There are some who doubt that significant synergies can be achieved in acquisition operations, but generalization is not legitimate given the broad case record, the need to refer to specific cases, and the impossibility, in the case of listed companies, to determine the reliability of estimates based on stock market reactions. The estimates made by the management of the acquiring company, though, could be influenced by the desire to convince the board of the convenience of the acquisition. Thus, a rigorous methodology for ex ante valuation is needed, that ensures responsibility on the part of management and the proper value of the role of the BoD. A central aspect is that of the completeness and transparency of the estimates in regard to the BoD, so that it can decide based on the best information available. The initial estimates reflect the limits of a partial information base; the board’s perspective, however, must not be limited only to quantitative evaluations, when the strategic importance of the operation is evident. It is also important for the board to have a clear idea of the share of estimated synergies that is to be transferred to the counterparty in the agreed-upon price, meaning the “premium” with respect to the stand-alone value of the target, and that there be an estimate of the “payback period” for that premium through the anticipated synergies. Each acquisition operation must be followed by the relative reporting provided to the BoD, according to an operational model that must replicate the one used to develop estimates on the synergies. This phase implies involvement by management in measuring and communicating the reaching of goals, the reasons for deviations, and the considerations on the difficulties encountered. Only this way can the necessary dialectic with the board be developed, giving the proper value to its role as a body exercising strategic supervision.

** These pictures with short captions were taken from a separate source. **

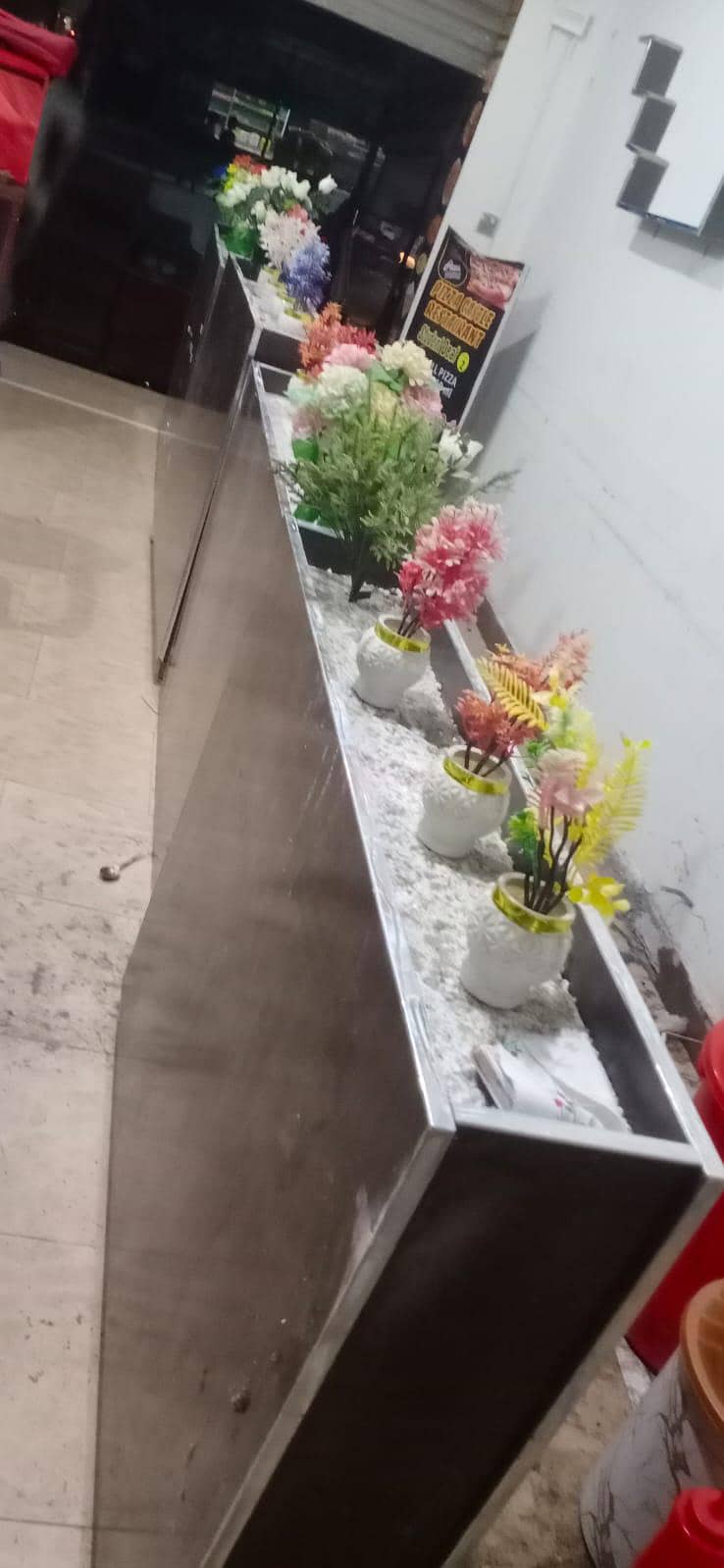 swarmna counter n sitting n case counter.  chiar. 3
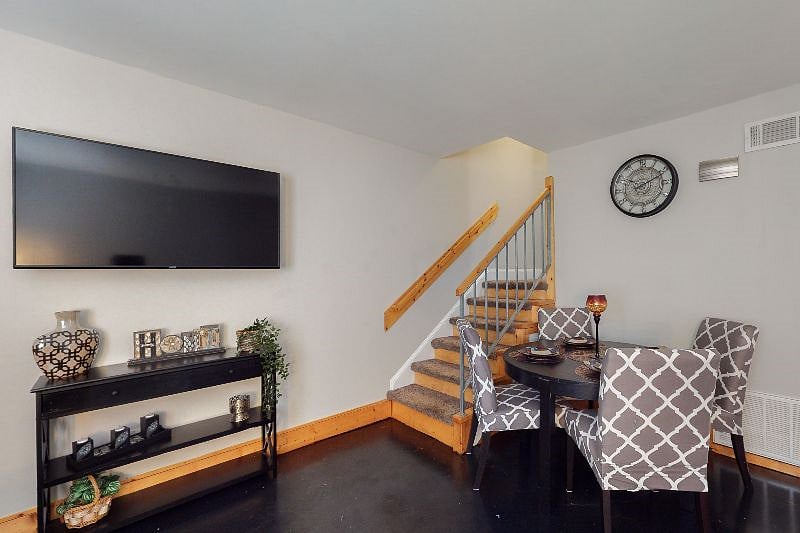 Furnished Finder property 398129_1 photo 5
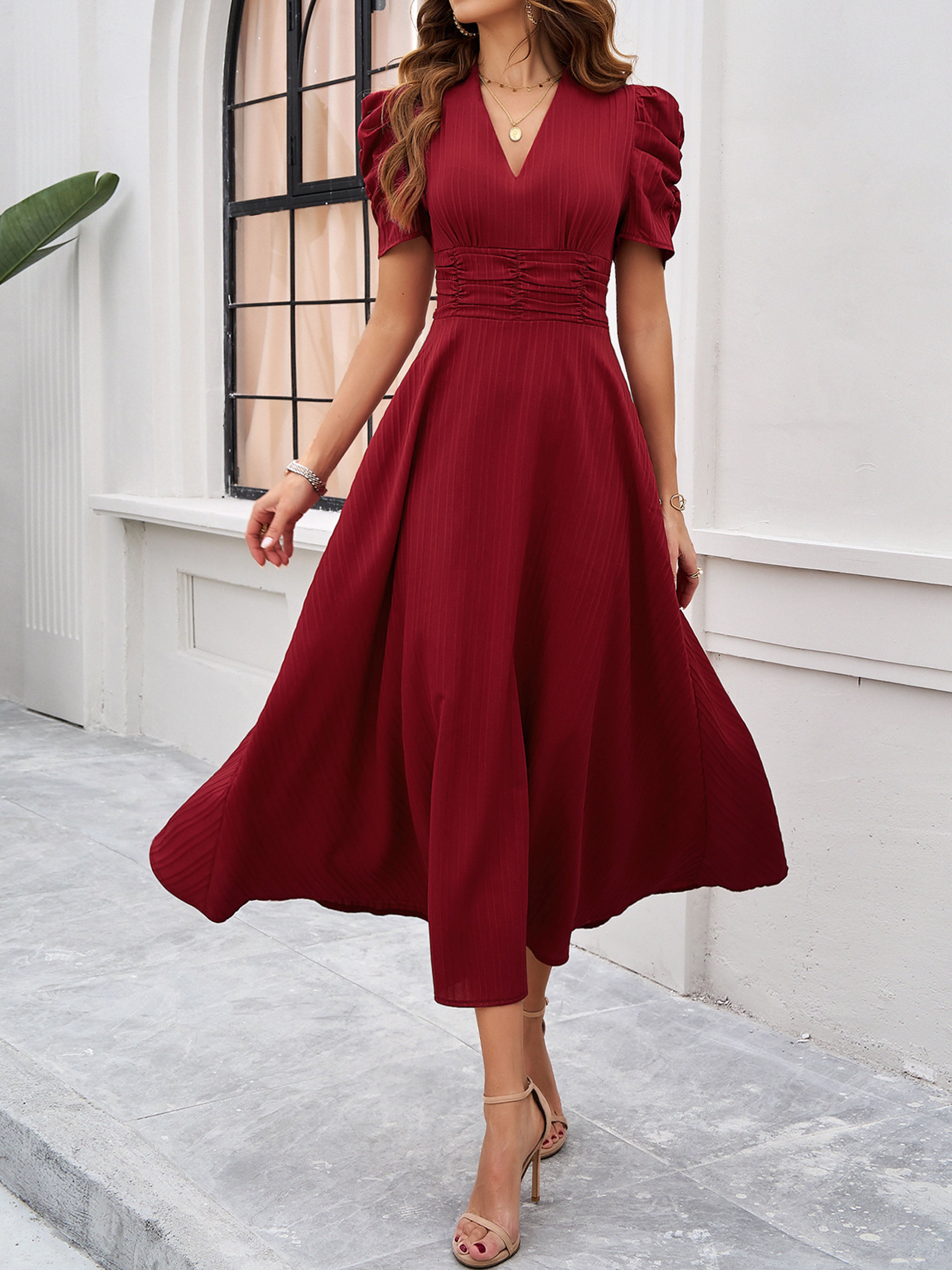 Robe Invitée Mariage BORDEAUX Élégante Coupe A à Manches et Taille Empire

In acquisition operations, the buyer generally estimates the synergies generated by the aggregation of the two entities. This is a component of the value attributed to the target company that often represents a non-negligible percentage of the overall estimated value. On this point, there are some who believe that this component of value is very rarely confirmed ex post following the actual integration, and thus that management makes such estimates with excessive optimism in order to justify the operation to the Board of Directors, shareholders, and stakeholders in general, and that as a consequence numerous operations do not create value for the shareholders, or perhaps even destroy value.[1]

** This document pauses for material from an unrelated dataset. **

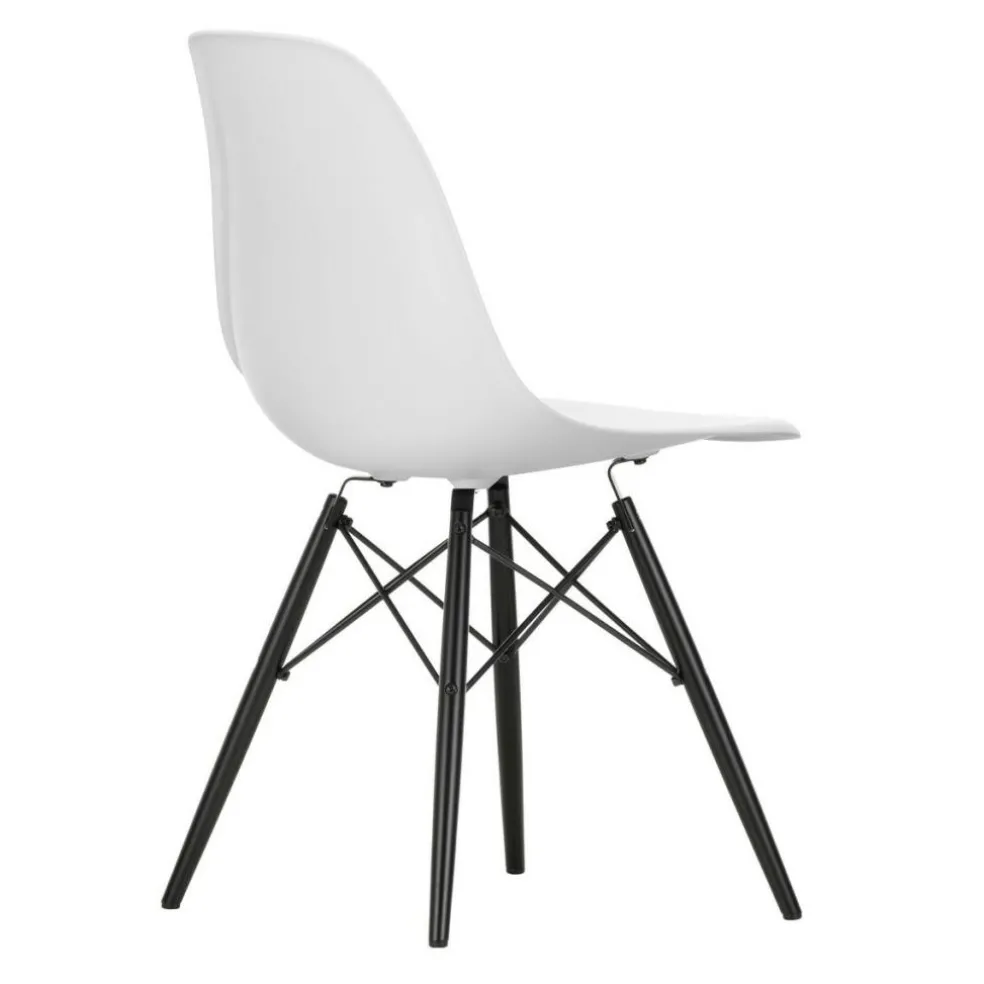 Eames Plastic Side Chair DSW RE Ahorn schwarz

I believe that any attempt at generalization on the question, or to reach any a priori conclusions, is unacceptable, for three simple reasons.

1. The case history of M&A operations is so vast and diversified that it does not allow for any convincing synthesis.
2. A response could be given only with reference to specific cases, knowing in detail how the synergies identified were estimated and to what extent the post-integration evidence confirmed those estimates or not. This information is often not available, especially with reference to the results of integration, and when it is available, it is not immediate but appears on a long-term horizon, that is variable in the different cases.
3. Deriving an evaluation of the reliability of the estimated synergies, and thus of the plausibility of the transaction price, based on the (potentially negative) reaction of the stock market to the announcement of the acquisition – when the buyer is a listed company – is an unacceptable simplification. It is unreasonable to think that analysts and investors in general have more and better elements than the bodies of the acquiring entity to rapidly evaluate, with an ex ante view, the ability to achieve the estimated synergies in anything but a short-term perspective. That way, moreover, only listed entities would be considered, necessarily excluding all of the operations that involve unlisted companies (most of them).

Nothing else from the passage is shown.